Work task
If a line of the data below contains the string "with", copy it into your answer.

Dataset records
= Beginning of Section =

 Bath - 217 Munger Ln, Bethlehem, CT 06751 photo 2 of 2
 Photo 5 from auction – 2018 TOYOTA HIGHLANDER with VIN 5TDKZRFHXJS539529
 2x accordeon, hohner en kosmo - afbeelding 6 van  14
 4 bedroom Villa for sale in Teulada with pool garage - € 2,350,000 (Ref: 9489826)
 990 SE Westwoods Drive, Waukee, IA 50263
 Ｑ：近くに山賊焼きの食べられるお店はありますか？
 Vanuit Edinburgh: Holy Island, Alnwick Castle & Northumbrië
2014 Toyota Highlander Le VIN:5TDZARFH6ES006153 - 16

= End of Section =
= Beginning of Section =

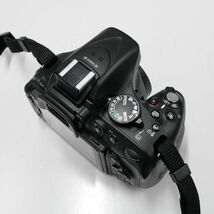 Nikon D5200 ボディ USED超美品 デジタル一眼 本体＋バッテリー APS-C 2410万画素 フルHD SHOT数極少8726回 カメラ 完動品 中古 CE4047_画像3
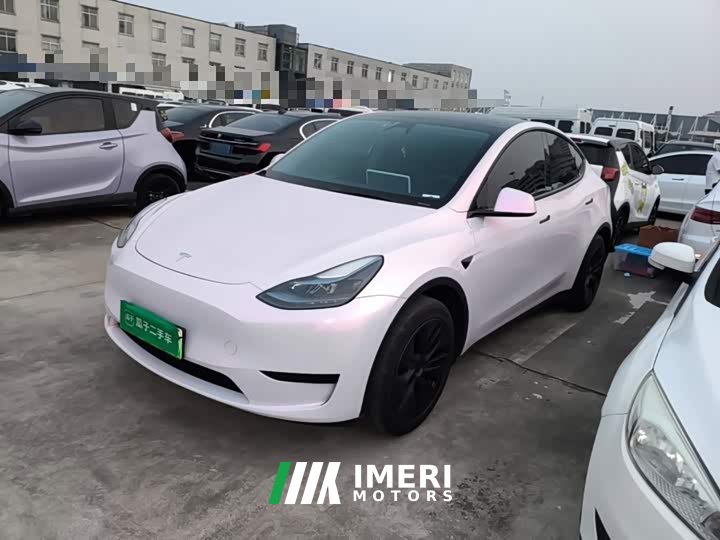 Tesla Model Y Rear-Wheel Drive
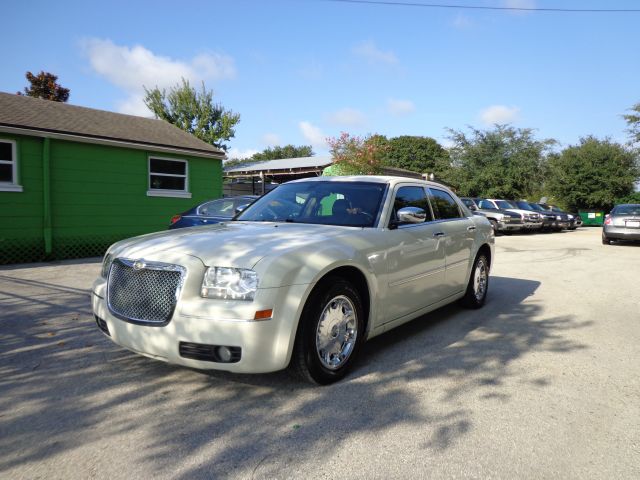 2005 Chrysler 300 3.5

= End of Section =

Output of the task
 Photo 5 from auction – 2018 TOYOTA HIGHLANDER with VIN 5TDKZRFHXJS539529
 4 bedroom Villa for sale in Teulada with pool garage - € 2,350,000 (Ref: 9489826)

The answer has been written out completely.